Barbad and Science of Music in Ancient Persia

  November 09, 2020   Read time 1 min
Barbad and Science of Music in Ancient Persia
Barbad is a legendary ancient Iranian musician who studied the music in Ancient Persia based on certain scientific principles. Barbad is known as the minstrel-poet of Sassanid Khosrow Parviz but this was not indeed the source of his global fame rather he represents a key scientific figure in the field of music.
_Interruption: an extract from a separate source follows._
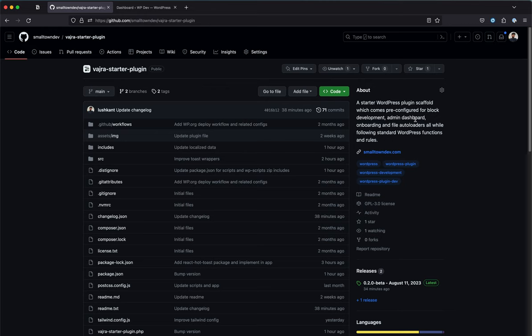This is another video on the new Vajra starter plugin I've been working on. It's currently in the beta phase, and a new update was released recently. I'm excited about the new changes and improvements, and I'm going to go through all of them in this video.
BĀRBAD, minstrel-poet of the court of the Sasanian king Ḵosrow II Parvēz (r. 591-628 a.d.).Bārbad was a poet-musician of panegyric as well as elegy. He used to compose verses and sing them to his own accompaniment on various occasions, e.g., in the great Iranian festivals, especially Nowrūz and Mehragān, at state banquets, etc. He also versified victories and current events (Ps. Jāḥeẓ, pp, 363ff.). He is related to have composed, at the request of the workmen, a melody called Bāg-e naḵjīrān “garden of the game” on the occasion of the completion of the great gardens at Qaṣr-e Šīrīn (Ebn al-Faqīh, pp. 158ff.; Yāqūt, IV, pp. 112-13). Neẓāmī (Ḵosrow o Šīrīn, pp. 190-94) mentions the name of the thirty airs composed by Bārbad for each day of the month. These names, with some variations, are also recorded in some Persian dictionaries such as Borhān-e qāṭeʿ (seeChristensen, 1918, pp. 368-77, and Iran. Sass., pp. 485f.). He is also said to have composed for the banquet of the king 360 melodies, one of which he used to sing each day (Tārīḵ-e gozīda, p. 123). Ṯaʿālebī (p. 698) attributes to him the authorship of the royal modes (ko²sravānī), apparently the same as the seven royal modes (ṭoroq al-molūkīya) mentioned by Masʿūdī (Morūj, ed. Pellat, V, pp. 127-28; cf. also Ebn Ḵordāḏbeh, Lahw, p. 15). The only surviving piece of his poetry in Middle Persian, though in Arabic script, is a panegyric in three hemistichs quoted by Ebn Ḵordāḏbeh (p. 16; see Tafazzoli, p. 338) (Source: Encyclopedia Iranica).